Procurado, o Sindicato dos Trabalhadores em Educação do Estado da Bahia (APLB) informa que o problema não é exclusivo do Rubén Dario e destaca o caso dos estudantes que são mortos por causa da rixa entre bairros. “Se um aluno mora no Alto do Cabrito e é matriculado no Lobato, ele vai ter problema. Se sai da Fazenda Grande do Retiro e vai para o Bom Juá, da mesma forma. De Brotas para Engenho Velho de Brotas e Cosme de Farias é a mesma coisa. O Tororó, que era tido como um lugar tranquilo, está assim. E não é só em Salvador. É na Bahia toda”, diz o coordenador-geral da APLB, Rui Oliveira. Segundo ele, a saída está nas aulas integrais. “Os alunos entrariam pela manhã e só sairiam à noite, assim evitaria o cooptação e parte dela pelo tráfico”, declara.
Posicionamentos:
O CORREIO cobrou o posicionamentos de alguns órgãos sobre a mortes de estudantes na violência urbana de Salvador. Em nota, o Ministério Público do Estado disse que “lamenta profundamente e vê com preocupação os impactos de ações criminosas na sociedade e, sobretudo, em relação a crianças e adolescentes”.
O MPBA disse também que tem atuado “firmemente na repressão contra organizações criminosas”. Ainda de acordo com a instituição, desde 2020, foram quase 150 operações, sendo mais de 30 apenas neste ano.
O Conselho Estadual de Educação da Bahia (CEE-BA) disse que lastimou “profundamente as trágicas mortes dos 116 estudantes do Colégio Estadual Rubén Dario”. “Estamos cientes do impacto devastador que a violência urbana tem sobre nossos jovens e sobre a comunidade escolar como um todo”, diz a nota.
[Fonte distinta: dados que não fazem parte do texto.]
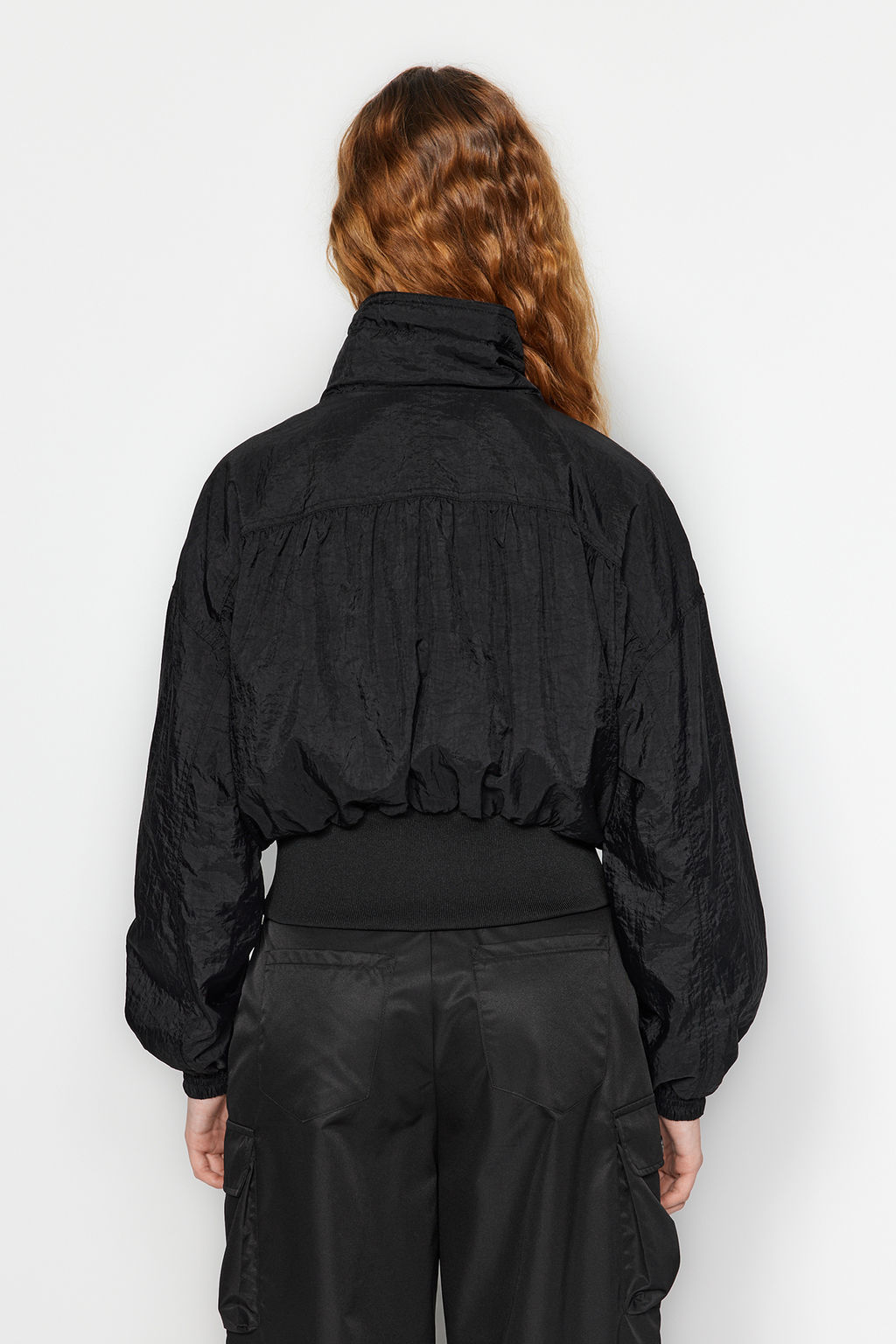 Siyah Oversize Su Itici Yagmurluk Ince Mont TWOAW24MO00303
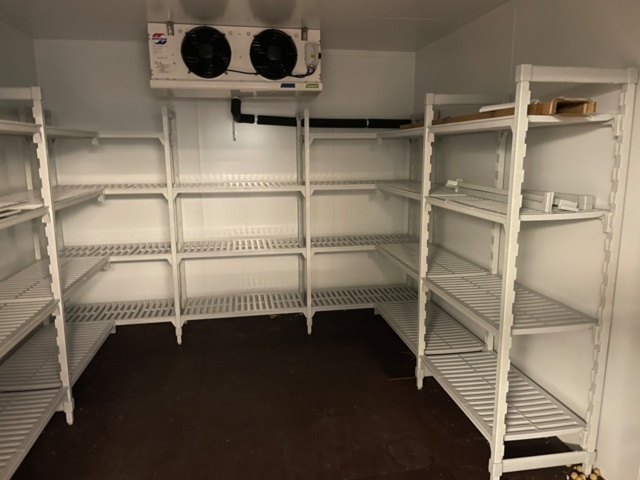 1150597-1 Storage shelf cold room 7 sections, width 100cm, depth 43cm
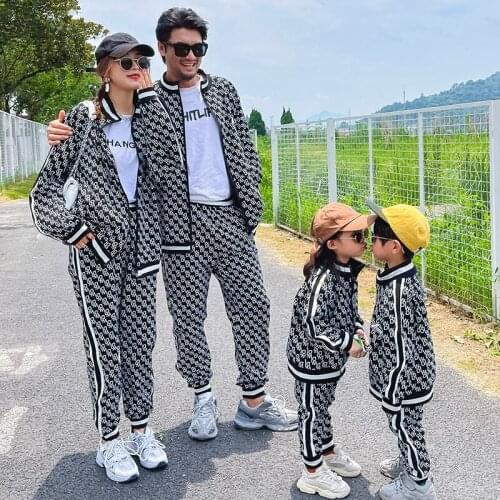 Fashion Brand Letter Printed Sports Casual Set for Kids Parents Jaket and Pants Family Look Father Mother Boys Girls Clothing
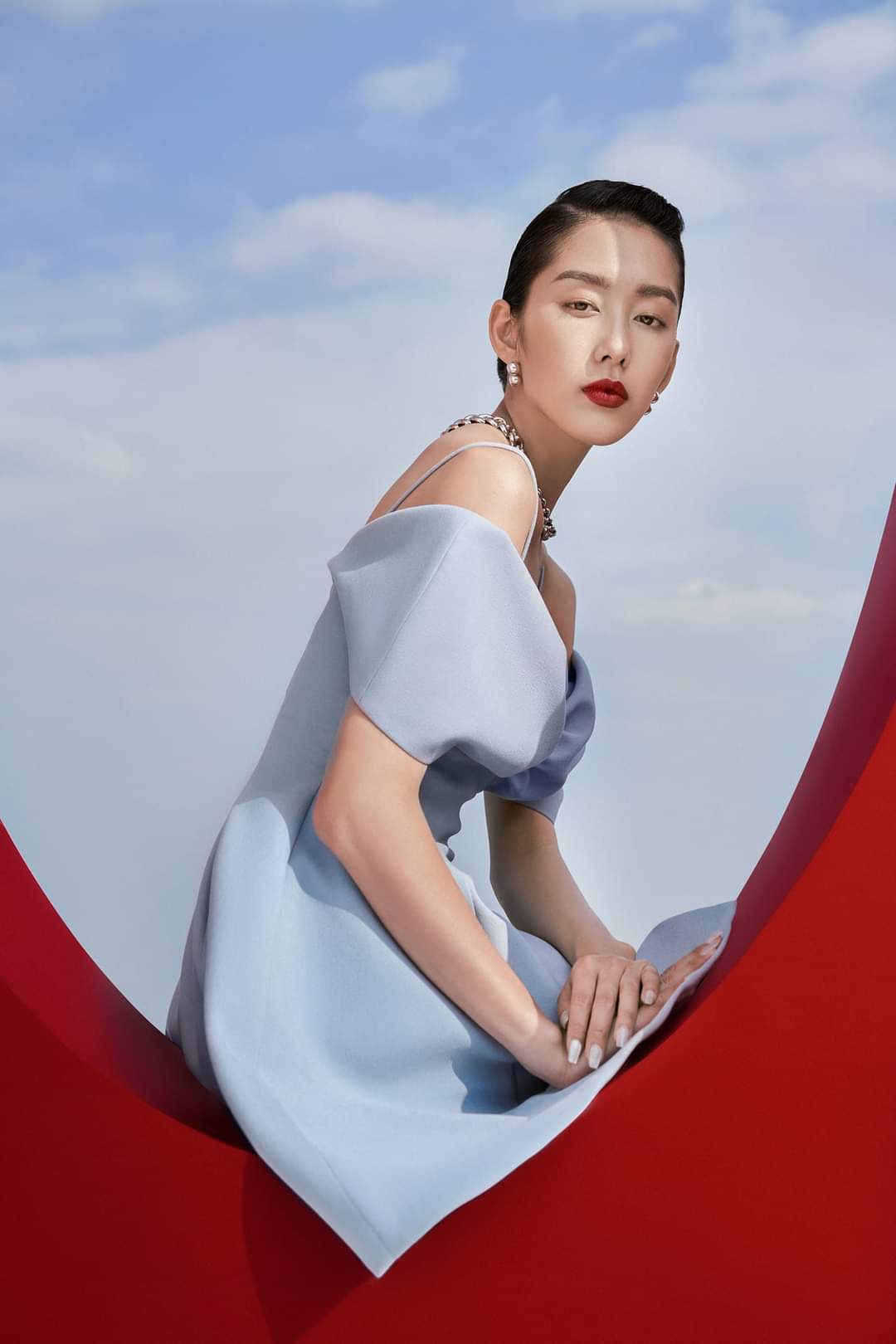 Đầm dáng xòe hai dây hở vai ngang phối nơ (Xanh)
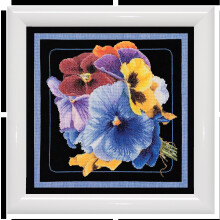 Thea Gouverneur - Viooltjes Geteld Cross Stitch Kit - Aida Zwart 18 Count. 34 x 34 cm - Knutselpakketten voor volwassenen - Borduurpakket voor volwas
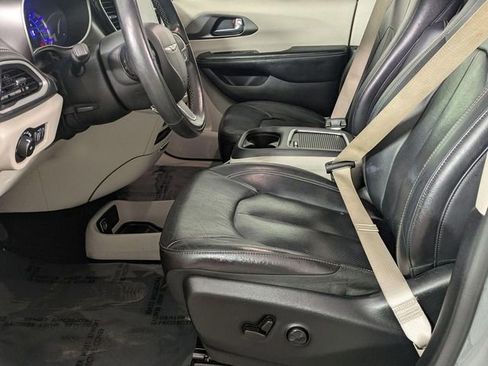 Used 2022 Chrysler Pacifica Touring-L w/ Uconnect Theater Family Group FWD image 12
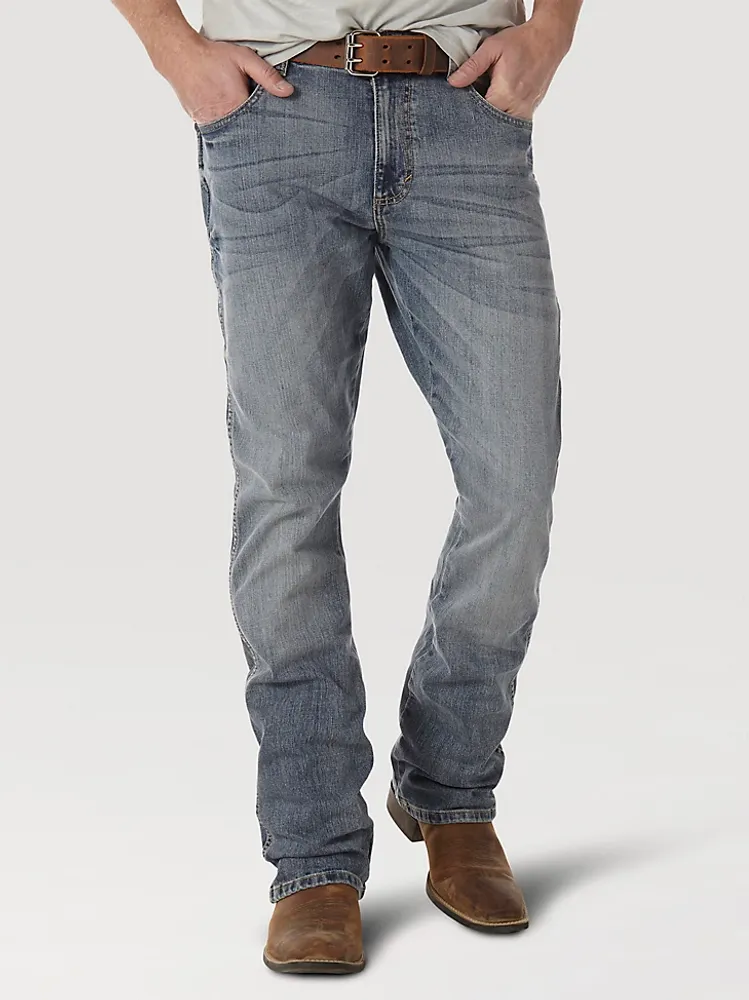 Men's Wrangler Retro Slim Fit Bootcut Jean in Elwick – Dales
O CEE-BA informou que está atento “às questões que afetam diretamente a vida e a segurança dos nossos estudantes e buscamos, por meio de nossas ações de normatização pedagógica, mitigar os impactos da violência no ambiente escolar”. Em uma das ações, o órgão citou a criação do Programa de Atenção à Saúde e Valorização do Professor (PASVAP), “com o objetivo de promover o bem-estar físico e emocional dos educadores, servidores e estudantes”.
A reportagem enviou e-mails na quinta (1), sexta-feira (2), terça-feira (6) e quarta-feira (7) para a Secretaria de Educação do Estado (SEC), a Polícia Militar (PMBA) e a Secretaria de Segurança Pública (SSPBA) . Até o fechamento desta edição, na sexta-feira (9), não há resposta.